Provided data>

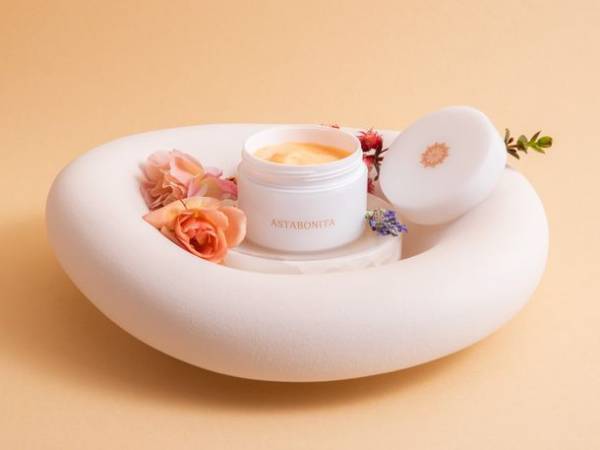 三島産ハーブや富士山の水を使用した静岡発のボタニカルオールインワン美容ジェル『アスタボニタ』2023年2月15日 オンラインにて発売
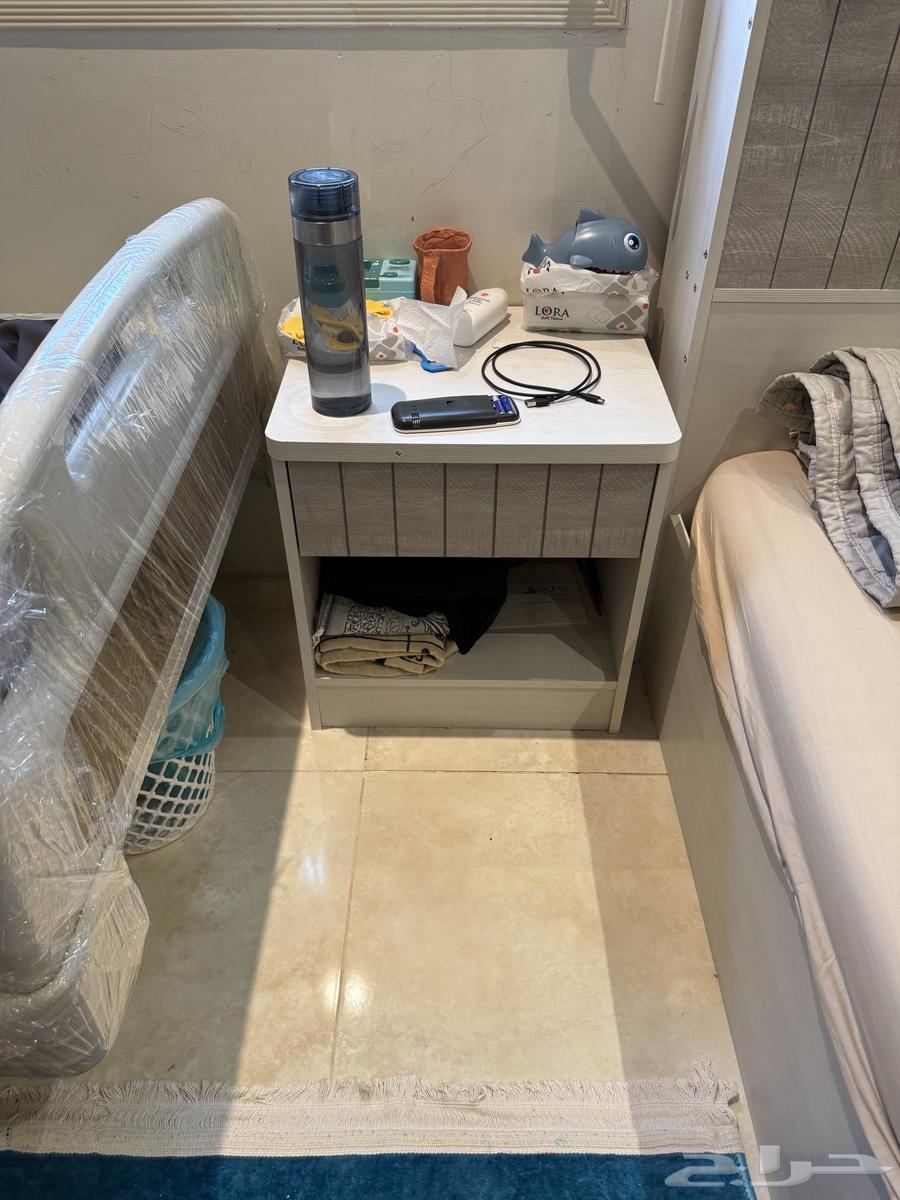 Bed with mattress and bedside table64482268080386110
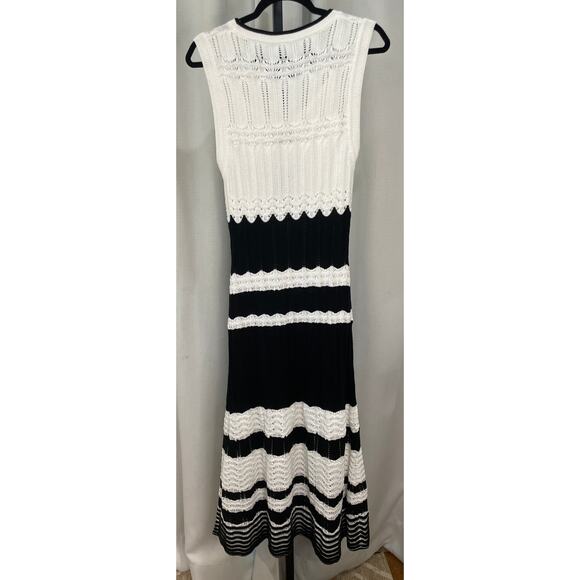 Luxely Mesa Sweater Dress Ivory Black Sz Medium NWT Contemporary Crochet Pattern - Picture 8 of 12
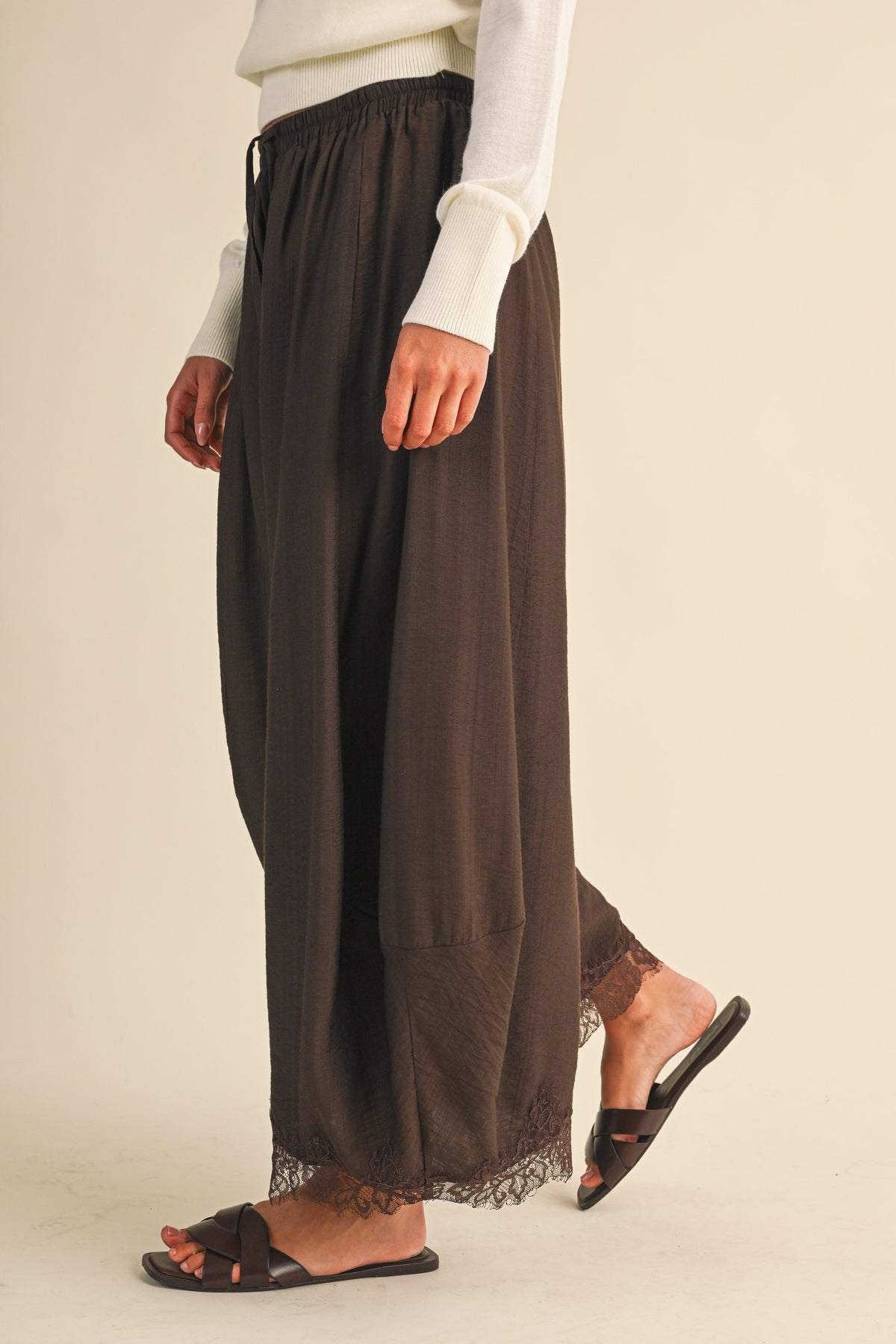 BARREL FIT PANTS WITH LACE TRIM ON THE BOTTOM HEM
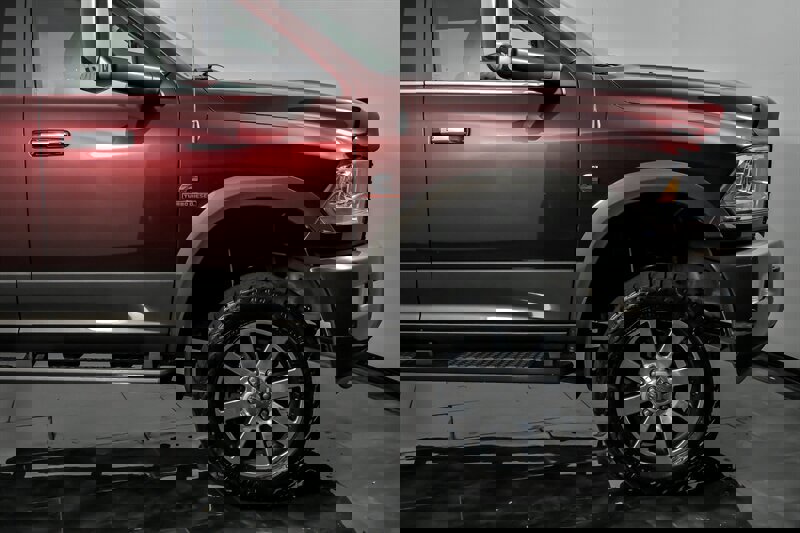 Used 2018 RAM 3500 Laramie Longhorn w/ Longhorn Southfork Package image 13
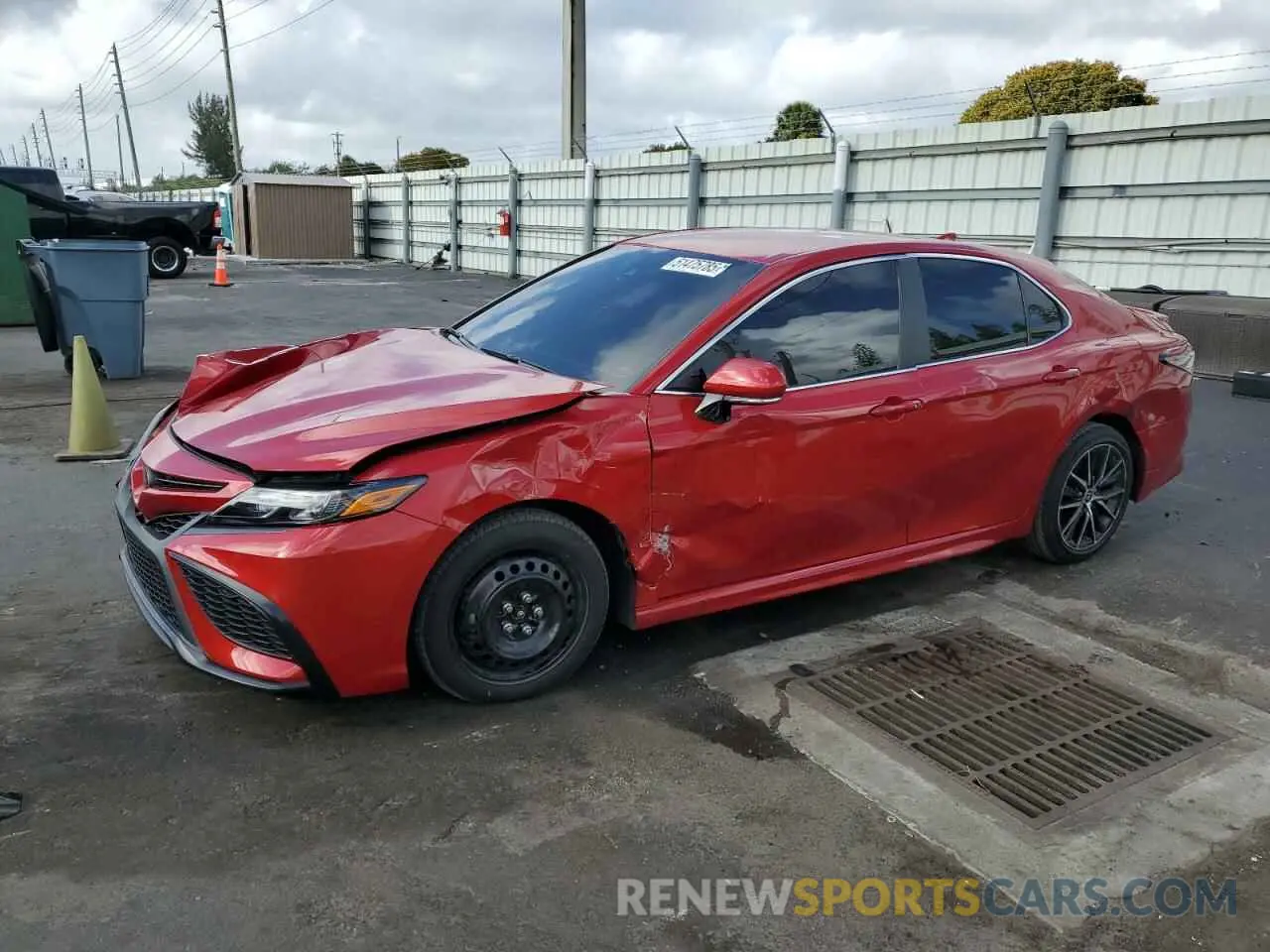 1 Фотография поврежденного автомобиля 4T1T11AK2PU127539 TOYOTA CAMRY 2023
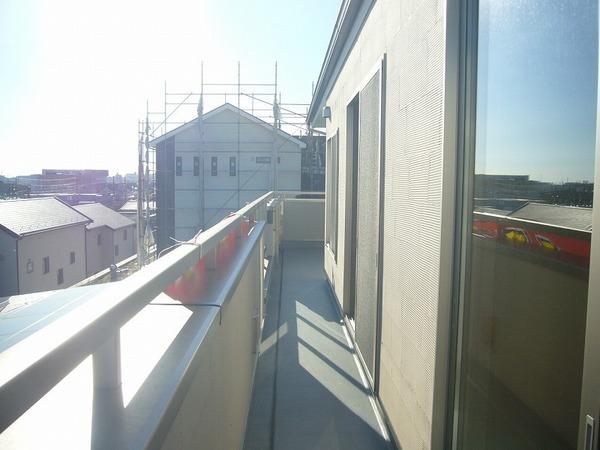 Balcony. Local (11 May 2013) Shooting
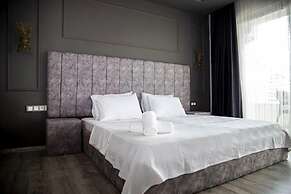 Wenirvana Suits Hotel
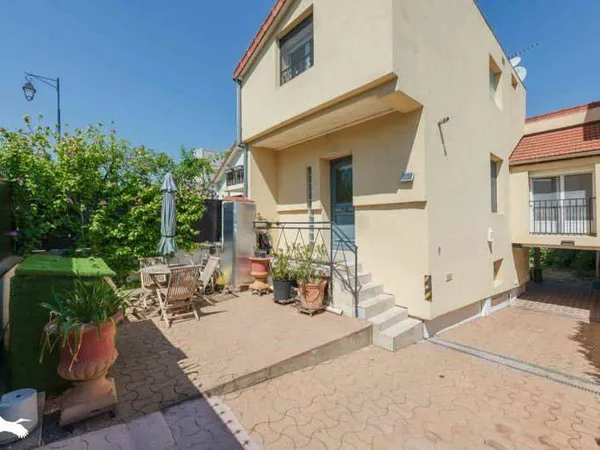 Maison 5 pièces 100 m²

Work request>
Please give back exactly the lines from the first line of the records above through the line containing "BARREL FIT PANTS", only those and both included, with the pictures removed.

Response>
 三島産ハーブや富士山の水を使用した静岡発のボタニカルオールインワン美容ジェル『アスタボニタ』2023年2月15日 オンラインにて発売
 Bed with mattress and bedside table64482268080386110
 Luxely Mesa Sweater Dress Ivory Black Sz Medium NWT Contemporary Crochet Pattern - Picture 8 of 12
 BARREL FIT PANTS WITH LACE TRIM ON THE BOTTOM HEM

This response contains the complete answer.